The two groups were comparable with respect to age, parity, gestational age, indication for induction, and Bishop's score. Women receiving IMN plus misoprostol showed significant changes in the Bishop score 6 h after administration as compared to misoprostol plus placebo (8.57 ± 1.46 vs. 7.6 ± 1.39 h, P = 0.001), significantly shorter intervals from the beginning of the induction to the beginning of the active phase of labor (10.97 ± 2.87 vs. 13.91 ± 2.16 h, P = 0.0004) and from the beginning of induction to the time of delivery (19.56 ± 3.96 vs. 23 ± 2.62 P ≤ 0.001). No significant differences in the incidence of uterine hypersystole, tachysystole and hyperstimulation. Regarding headache, much more women suffer headache in the IMN group (51) with significant difference to placebo group (11).

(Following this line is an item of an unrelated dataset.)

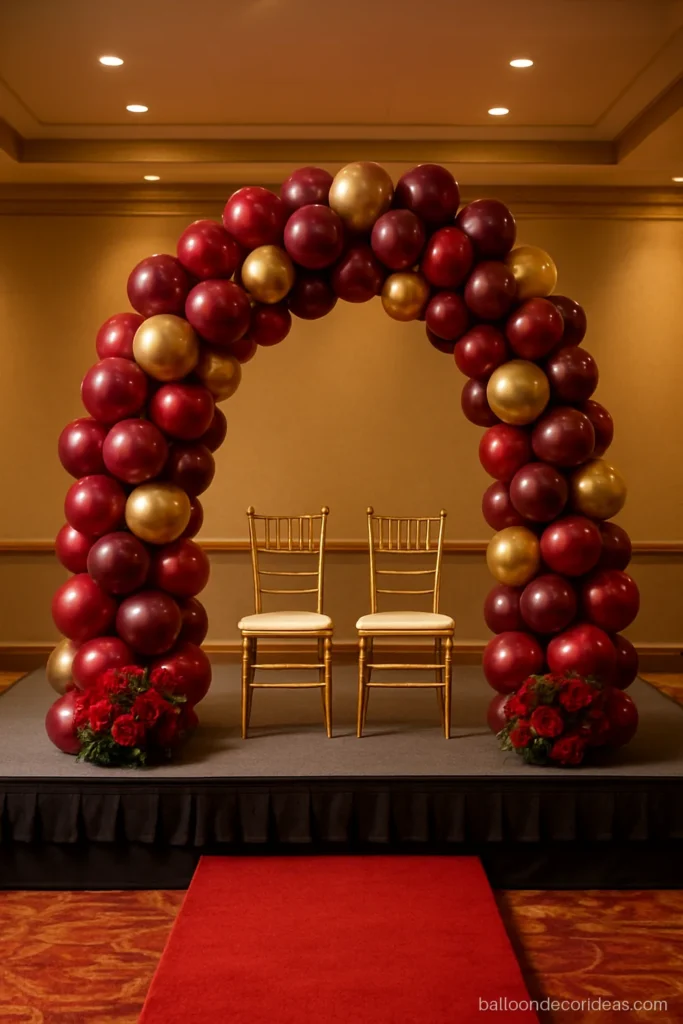 Wedding anniversary balloon decoration with a deep red and burgundy arch on a small stage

Using a combination of IMN and misoprostol is more efficient than misoprostol alone in terms of fast cervical ripening and shortening of induction-labour interval.
在宫颈条件不佳的情况下进行引产是前列腺素应用的常见指征。然而,近年来,人们对使用一氧化二氮供体进行宫颈成熟和引产产生了浓厚的兴趣。
评估阴道内给予单硝酸异山梨酯(IMN)联合米索前列醇与单独使用米索前列醇用于宫颈成熟和引产的效果和安全性。
阿西尤特大学妇女健康中心妇产科。
招募了 290 名计划引产的妇女,并将其随机分配至 IMN 或安慰剂组,随后给予米索前列醇 50μg。通过预定的宫颈成熟和引产结局变量评估药物的效果。
两组在年龄、产次、孕龄、引产指征和 Bishop 评分方面具有可比性。与米索前列醇加安慰剂组相比,接受 IMN 加米索前列醇组在给药后 6 小时的 Bishop 评分有显著变化(8.57±1.46 对 7.6±1.39 小时,P=0.001),从引产开始到活跃期开始的间隔明显缩短(10.97±2.87 对 13.91±2.16 小时,P=0.0004),从引产开始到分娩的时间也明显缩短(19.56±3.96 对 23±2.62 小时,P≤0.001)。两组子宫过度收缩、心动过速和过度刺激的发生率无显著差异。关于头痛,IMN 组有更多的女性出现头痛(51 例),与安慰剂组(11 例)相比差异有统计学意义。
与单独使用米索前列醇相比,IMN 联合米索前列醇在快速宫颈成熟和缩短引产-分娩间隔方面更有效。